LOCK HAVEN — City council transferred deeds of four properties to the Redevelopment Authority in an effort to get more property back on the tax roll.

Of the four, two involve major properties for sale within the city limits including the former Town Tavern property.

The authority is in negotiations with a firm to sell 37-55 Bellefonte Avenue for $65,000, City Manager Gregory Wilson said during a previous meeting.

The possible buyer, Davis and Yoder, are proposing a possible three story structure with the first floor as commercial and floors two and three residential, Wilson said.

The transfer of the deed to the authority has given them the ability to negotiate the possible sale further, he said.

The second large portion of property is the former City Public Works Building at 2 W. Walnut St.

The authority is in a sales agreement with VASAS, Inc. to purchase the property for $200,000.

VASAS, who purchased the former Lucky 7 property in 2017 and is constructing a truck stop and restaurant, would like to build a restaurant on the property, Wilson said.
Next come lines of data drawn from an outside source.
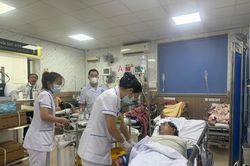 Triển khai bảo hiểm y tế bổ sung là tất yếu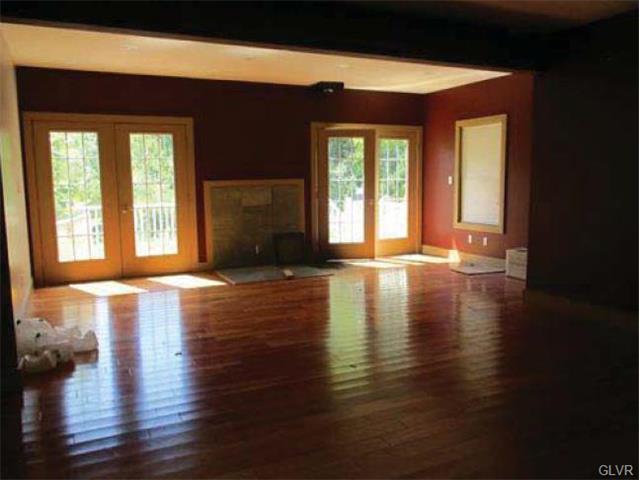 2201 Ridge Road, Upper Mt Bethel Twp, PA 18013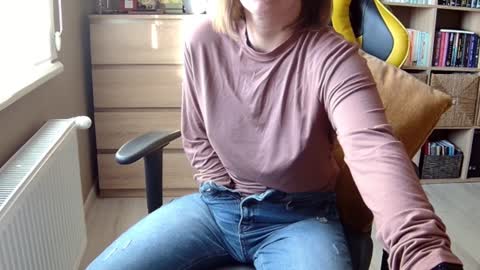 Snapshot of erotic_vibe chatting on February 2025 01:22:01 PM Melissa online show from February 2025 01:22:01 PM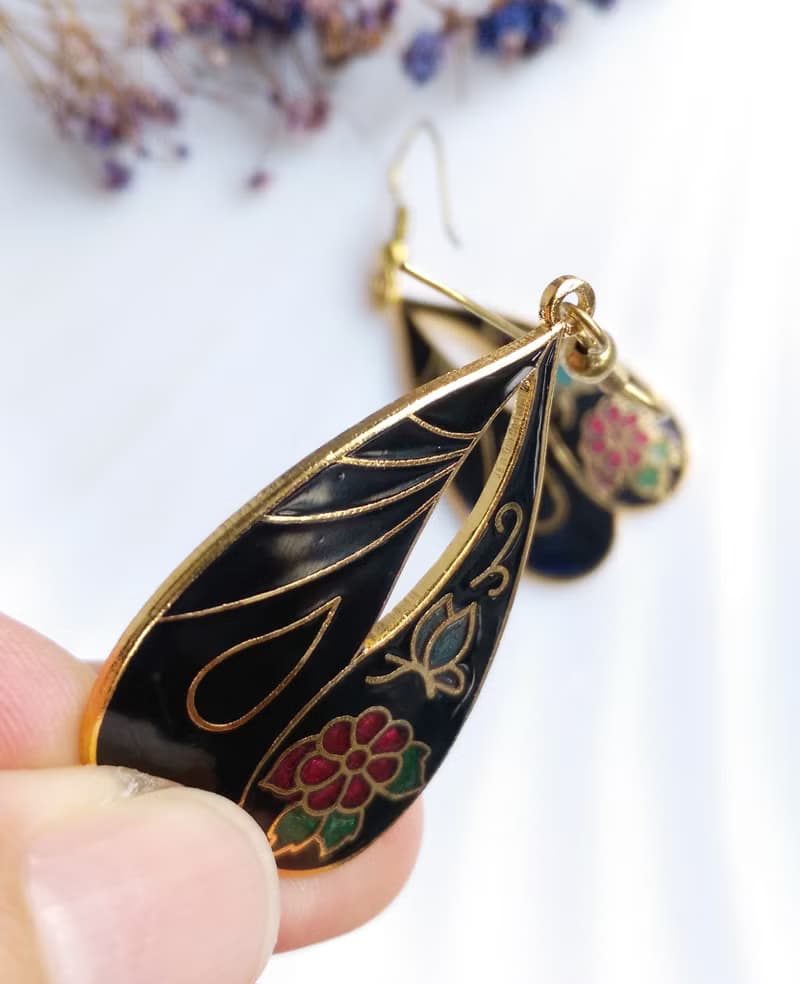 Vintage Jewelry 西洋古董飾品 小蝴蝶花卉 景泰藍 耳勾 針式耳環
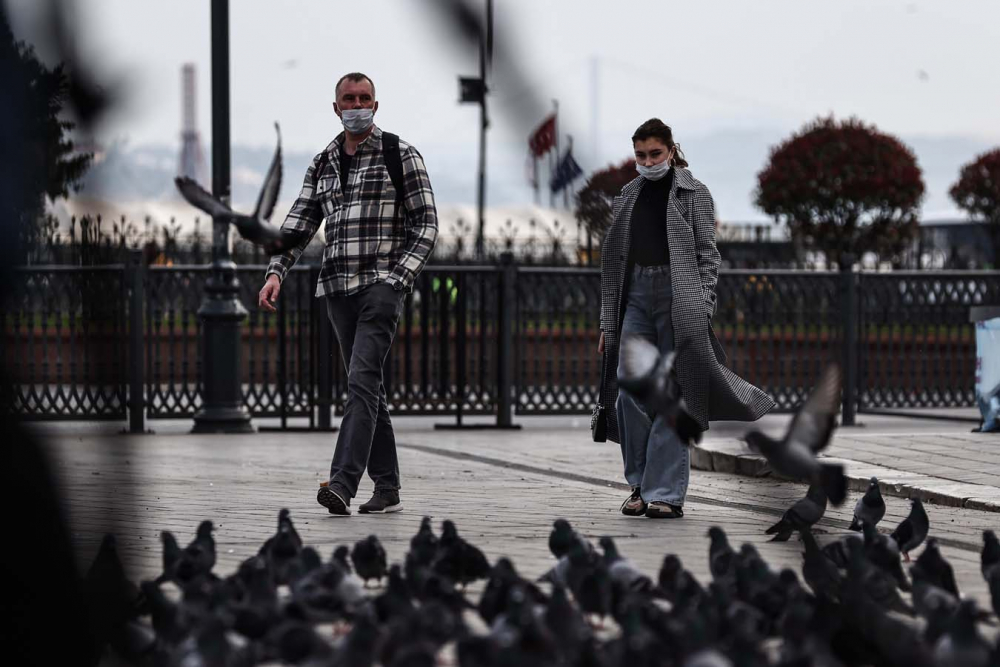 İstanbul'da can sıkan görüntü! Vatandaş evde, turistler meydanlarda 8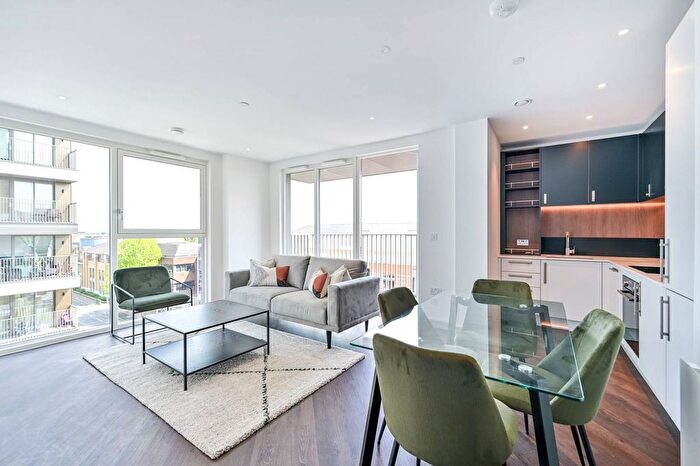 2 Bedroom Flat To Rent In Eden Grove, Staines, Staines-Upon-Thames, TW18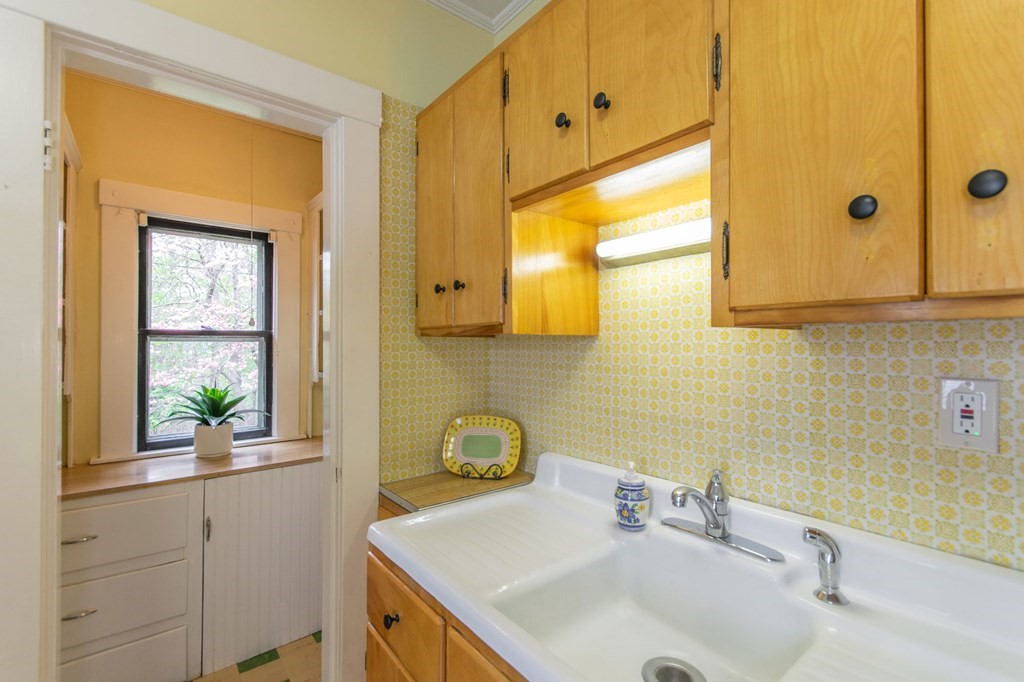 151 Daviston Street Springfield, MA 01108 - Photo 14 of 30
The revenue generated from both sales would pay for the cost the city put into tearing down the Town Tavern in 2019, Wilson said.

Two other smaller parcels of land — 615 Park Street and a portion of land near Myrtle Street along the rail road tracks — were transferred to the authority.
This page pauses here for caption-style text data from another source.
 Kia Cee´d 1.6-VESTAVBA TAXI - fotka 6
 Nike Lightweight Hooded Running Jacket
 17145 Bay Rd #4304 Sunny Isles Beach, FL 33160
All members of council were present for Monday night’s meeting.


Council approved a request from Downtown Lock Haven Inc. to file a Municipal Assistance Program (MAP) grant from Department of Community and Economic Development that could cover half the cost of a feasibility study for the Masonic Temple.
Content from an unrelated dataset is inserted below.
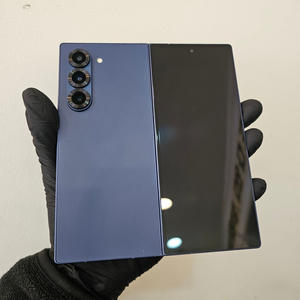 갤럭시Z폴드6 256기가 네이비 (S급) / 1220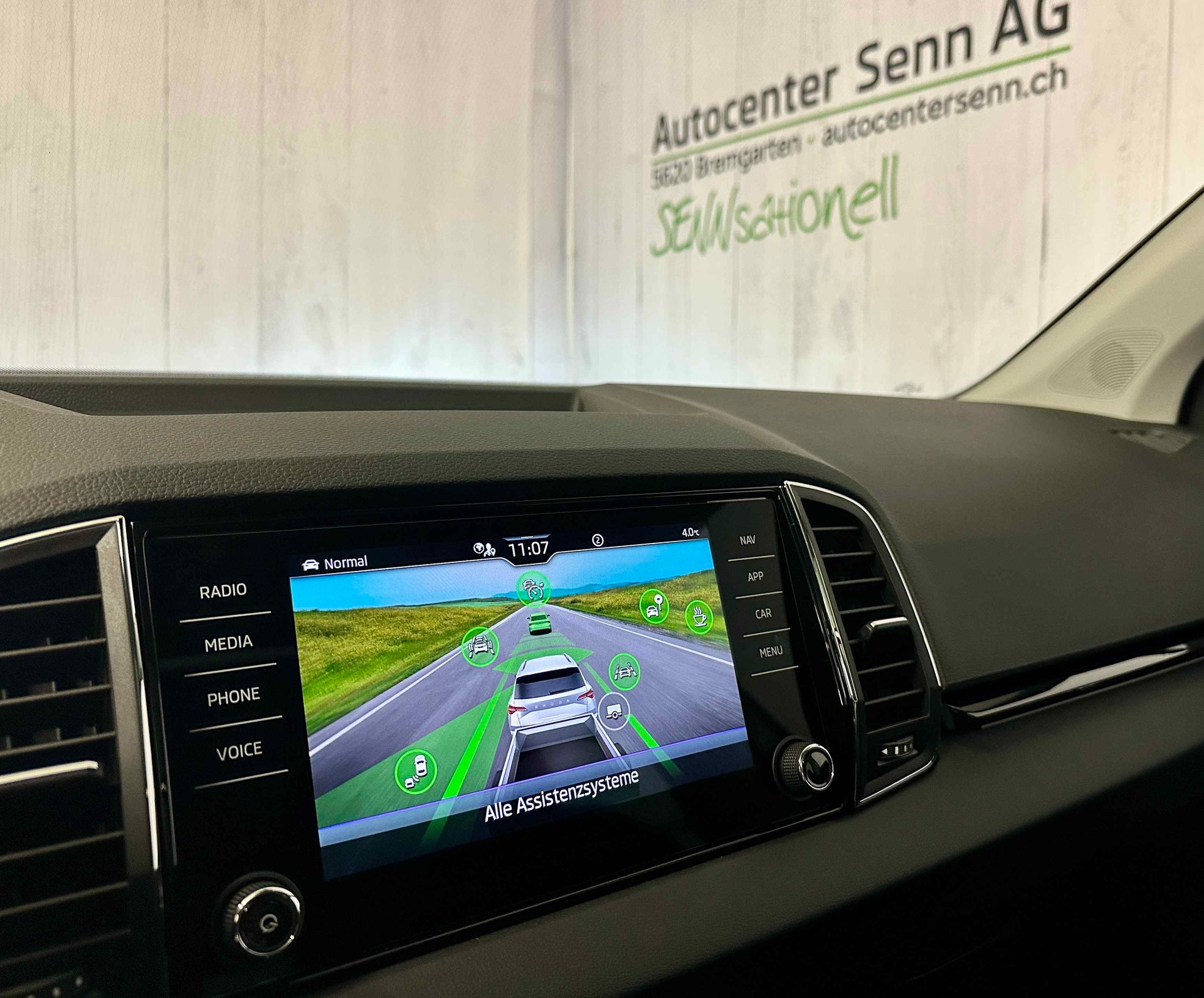 SKODA Karoq 1.5 TSI Dynamic DSG-image-12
DLH announced in January they were in agreement with the Masons to transfer the property to the nonprofit and transform the three story building into a cultural center.

Steve Getz of the Clinton County Arts Council – another partner in the project – said the total cost of the study is $20,000.

The MAP grant would pay for half of the cost. The other half would be covered by Pennsylvania Historical and Museum Commission (PHMC), Getz said.

Wilson said he gave City Planner Abigail Roberts permission to offer some assistance in writing both grants but council needed to approve the submission of the MAP grant.

All members of council were in favor of the request.

“I think if anybody isn’t excited about this then they’ve got their eyes and ears closed,” Councilman Richard “Rick” Conklin said.


In other business council:

— Amended Chapter 27 of the City Code involving fencing so the maximum height of a fence can be eight feet. Fences were only allowed to be up to six feet under the previous ordinance.

— Endorsed the creation of the Complete Count Committee to support the 2020 Census.

— Entered into an agreement with Baker Tilly for the 2019 fiscal year audit at the cost of $43,000.

— Readopted the Drought Contingency Plan for the next five years. City Manager Gregory Wilson said the plan was almost the same except for the removal of supplemental wells as a back up in the event of a drought. The Susquehanna River will be the city’s main source of water in the event of dry weather, Wilson said.

— Approved multiple use requests from Downtown Lock Haven Rotary including the installation of two Little Red Libraries in Jack Bailey Playground and Hoberman.

— Appointed Jim Leone, of Rose Street, to the City Planning Commission and Ted Nuttall, of West Main Street, to the Levee Advisory Committee.